Reproduce the tail of the data exactly. It starts at the line containing "Flatliner app phone mockup" and runs to the last line.

Data Start Marker

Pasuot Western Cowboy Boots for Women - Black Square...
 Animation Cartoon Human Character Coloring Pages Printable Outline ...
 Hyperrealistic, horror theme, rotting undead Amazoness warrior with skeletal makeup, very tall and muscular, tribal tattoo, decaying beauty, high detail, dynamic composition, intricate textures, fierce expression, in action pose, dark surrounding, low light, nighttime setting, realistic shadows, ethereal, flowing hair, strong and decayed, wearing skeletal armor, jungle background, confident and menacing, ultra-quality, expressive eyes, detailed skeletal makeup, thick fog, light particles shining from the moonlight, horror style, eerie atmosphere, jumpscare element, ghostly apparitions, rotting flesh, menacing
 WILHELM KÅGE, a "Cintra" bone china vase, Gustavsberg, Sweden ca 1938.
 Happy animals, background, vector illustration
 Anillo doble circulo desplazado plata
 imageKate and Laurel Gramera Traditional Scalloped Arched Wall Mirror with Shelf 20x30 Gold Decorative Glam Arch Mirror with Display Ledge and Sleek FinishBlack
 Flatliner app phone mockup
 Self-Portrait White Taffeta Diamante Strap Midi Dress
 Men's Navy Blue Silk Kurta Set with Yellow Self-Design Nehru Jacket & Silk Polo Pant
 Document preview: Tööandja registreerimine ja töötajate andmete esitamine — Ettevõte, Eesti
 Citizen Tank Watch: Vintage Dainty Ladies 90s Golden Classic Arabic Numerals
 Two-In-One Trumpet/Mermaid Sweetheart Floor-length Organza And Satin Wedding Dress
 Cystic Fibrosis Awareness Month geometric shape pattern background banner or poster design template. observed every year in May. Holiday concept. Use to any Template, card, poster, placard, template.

Data End Marker

Completed task:
 Flatliner app phone mockup
 Self-Portrait White Taffeta Diamante Strap Midi Dress
 Men's Navy Blue Silk Kurta Set with Yellow Self-Design Nehru Jacket & Silk Polo Pant
 Document preview: Tööandja registreerimine ja töötajate andmete esitamine — Ettevõte, Eesti
 Citizen Tank Watch: Vintage Dainty Ladies 90s Golden Classic Arabic Numerals
 Two-In-One Trumpet/Mermaid Sweetheart Floor-length Organza And Satin Wedding Dress
 Cystic Fibrosis Awareness Month geometric shape pattern background banner or poster design template. observed every year in May. Holiday concept. Use to any Template, card, poster, placard, template.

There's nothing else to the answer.